A Virtual Private Network (VPN) enables organisations to use a shared network - typically the Internet or an IP backbone supplied by a network service provider - to connect remote sites or users together.

Instead of using only dedicated connections (such as a leased line), a VPN makes use of "virtual" connections routed across the shared network to link a company's private network to remote sites or employees. Leased lines may still be used to connect the customer site to the edge of the shared network or, for internet based VPN's ADSL or ISDN may be used to connect to the shared core.

The goal of a VPN deployment is to provide the organisation with the same capabilities as a dedicated Wide Area Network (WAN), but at a much lower cost. Typically WANs are built using leased lines, which become progressively more expensive as the number of branch offices, and the distance between them, increases.

VPNs represent a way to neatly avoid this cost without - subject to proper implementation - sacrificing the security associated with leased-line circuits.

So what's the catch? Security, in a word, or, to be more precise, lack of security, real and perceived, of data transported over VPNs. Many companies fear that security is sacrificed - certainly it is more of a challenge to protect VPNs than is the case with their entirely private counterparts. Worms such as Slammer and Blaster, along with the ever-present risk of denial of service attacks, illustrate the need to protect VPNs that use the internet as their core not just from eavesdroppers, but also from less sophisticated attacks. We shall return to the security issue, but let us first run through the benefits of VPNs, the market size and some of the technology.

Flexible friend

A VPN approach is cheaper and more flexible than WANs over leased lines. Teleworkers, along with mobile sales and support staff, can be supported effectively using the technology. Businesses can extend their private network to distant offices and remote users who traditionally ran up long distance charges when dialling into corporate resources.

The adoption of IP VPN (VPNs which use the Internet Protocol for routing packets) by corporates is expected to drive the worldwide IP VPN equipment market to $4.7 billion by 2006, according to Gartner Dataquest. The analyst firm believes the cost benefits of using the IP VPNs as a basis for a company's global communications (rather than traditional wide area network (WAN) access via a leased line, frame relay or asynchronous transfer mode) are considerable. Consensus analyst estimates are that IP VPNs are 20-40 per cent cheaper to implement and run than traditional VPNs.

A recent survey by In-Stat/MDR of 200 large businesses, each employing more than 1,000 people, revealed that 81 per cent currently use IP VPNs while nine per cent are preparing for adoption within two years. Around half of those who already have an IP VPN are also considering carrying voice traffic over it. Many of the In-Stat respondents also plan to extend IP VPN connectivity to staff who work with wireless devices outside the office.

Virtual services get real

Two standards are deployed in the majority of today's IP VPN services: Multi Protocol Label Switching (MPLS), a technology to speed up and manage network traffic; and IPsec, a set of security protocols.
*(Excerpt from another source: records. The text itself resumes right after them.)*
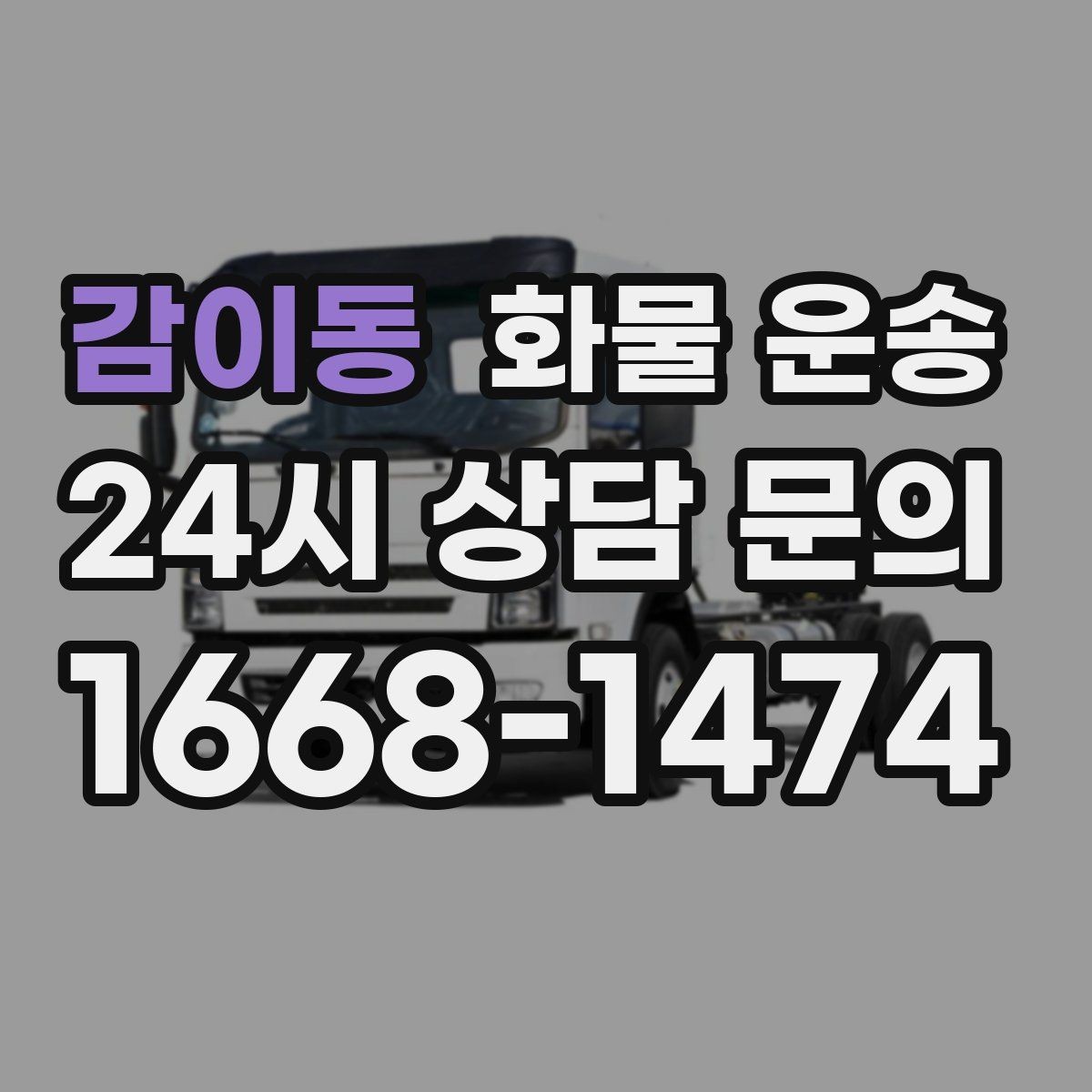 감이동 화물 운송 1톤 2.5톤 5톤 선택 기준 쉽게 정리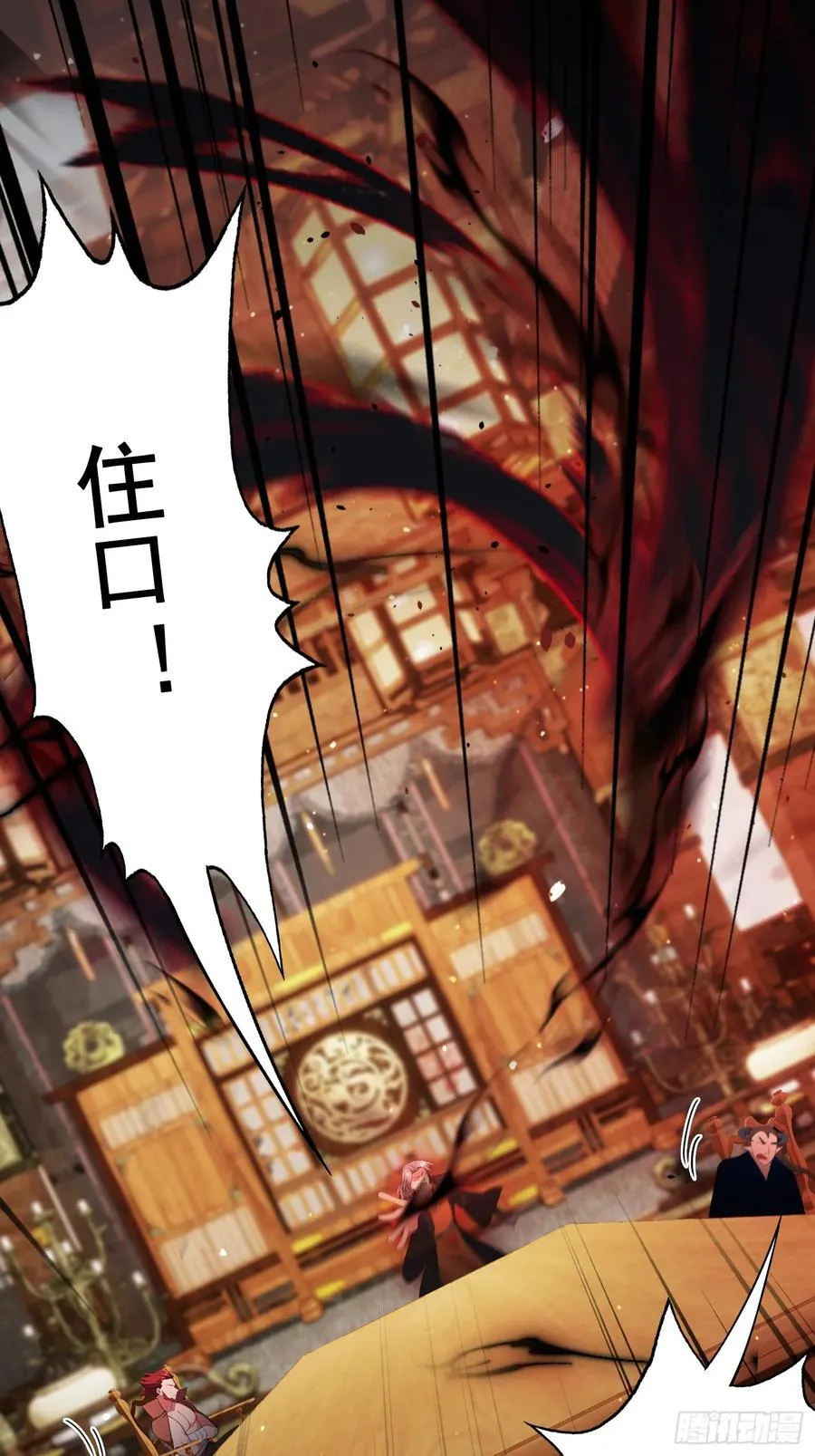 第262话 中州妖族全军出击！50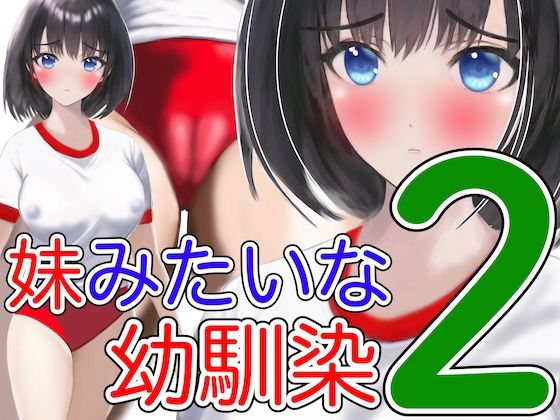 【妹みたいな幼馴染2赤いブルマ】あーむスタジオ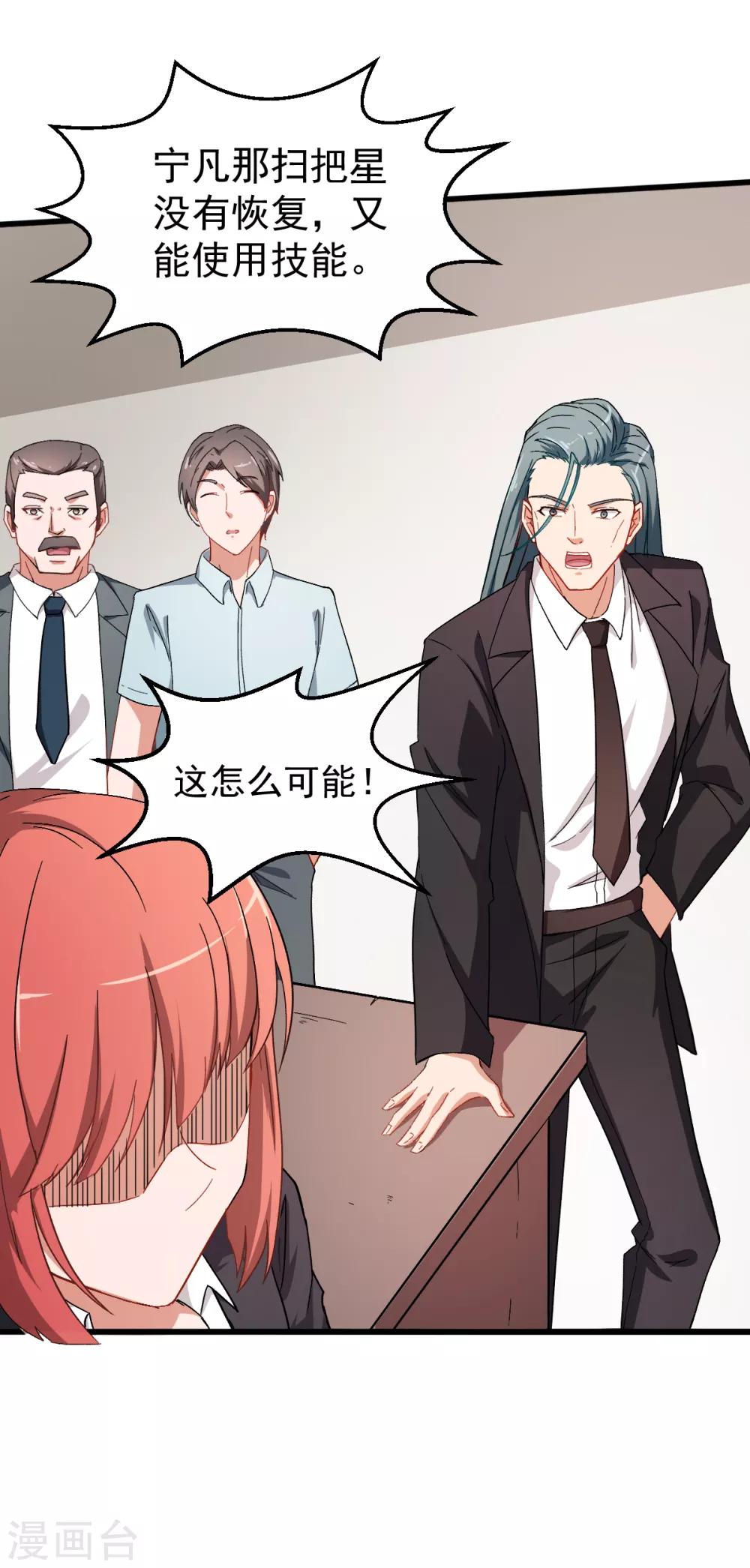 《校园狂师》第27话 林巧巧的秘密 第22页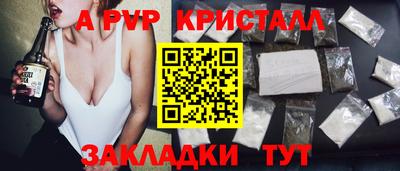 дживик Можайск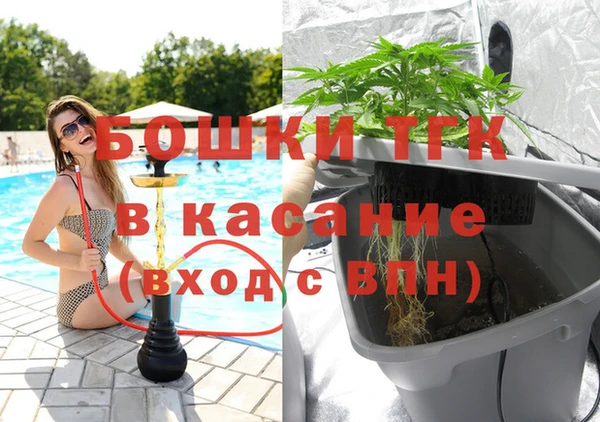 трава Абаза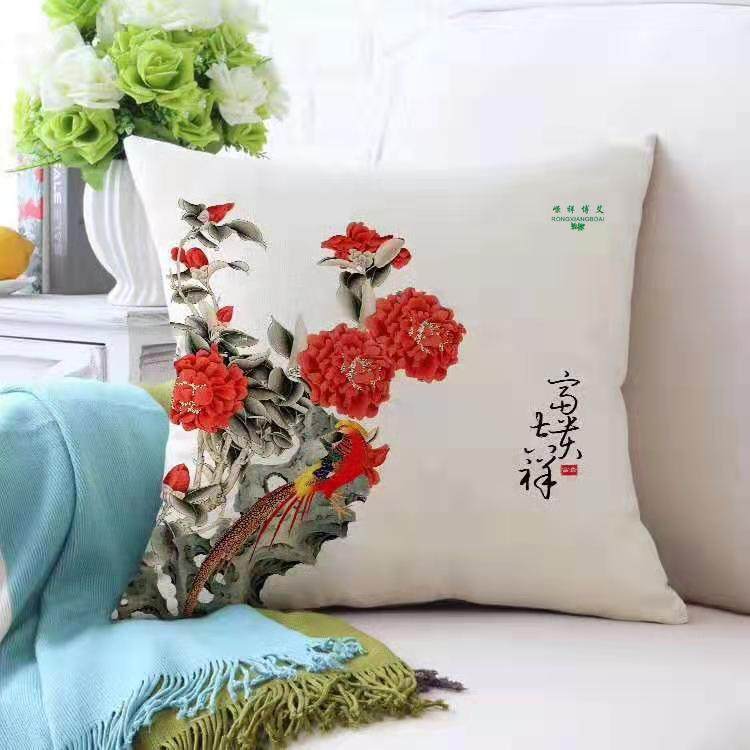 混纺布麻款艾绒靠艾枕艾草靠背枕艾绒抱枕新办公室简约靠枕绒枕,畜牧/养殖物资,特种养殖设备,淘宝优惠券,粉丝福利购,淘宝优惠卷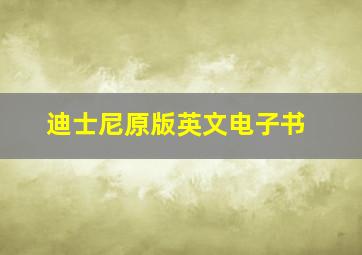 迪士尼原版英文电子书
Looking ahead, a third technology: SSL-based VPNs, is becoming a major area of growth. SSL VPN appliances allow enable to access corporate resources securely through a standard Web browser. The technology scores over earlier IPSec-based VPN technology by eliminating the need to install client software on worker's machines. Analyst firm Infonetics reckons the SSL-based remote access market will exceed $600 million by 2006.

Organisations have four basic choices when installing an IP VPN: to manage their own customer premise equipment (CPE); to get a provider to manage their CPE; to get the provider to host their IP VPNs on their own network; or adopt some combination of the above.

Only the biggest companies should consider managing their own CPE. But even the biggest companies today are looking for service providers to manage their IP VPNs. According to the In-Stat/MDR survey, 74 per cent of firms which now have VPNs in place will switch over to provider-managed services, on cost as well as management grounds.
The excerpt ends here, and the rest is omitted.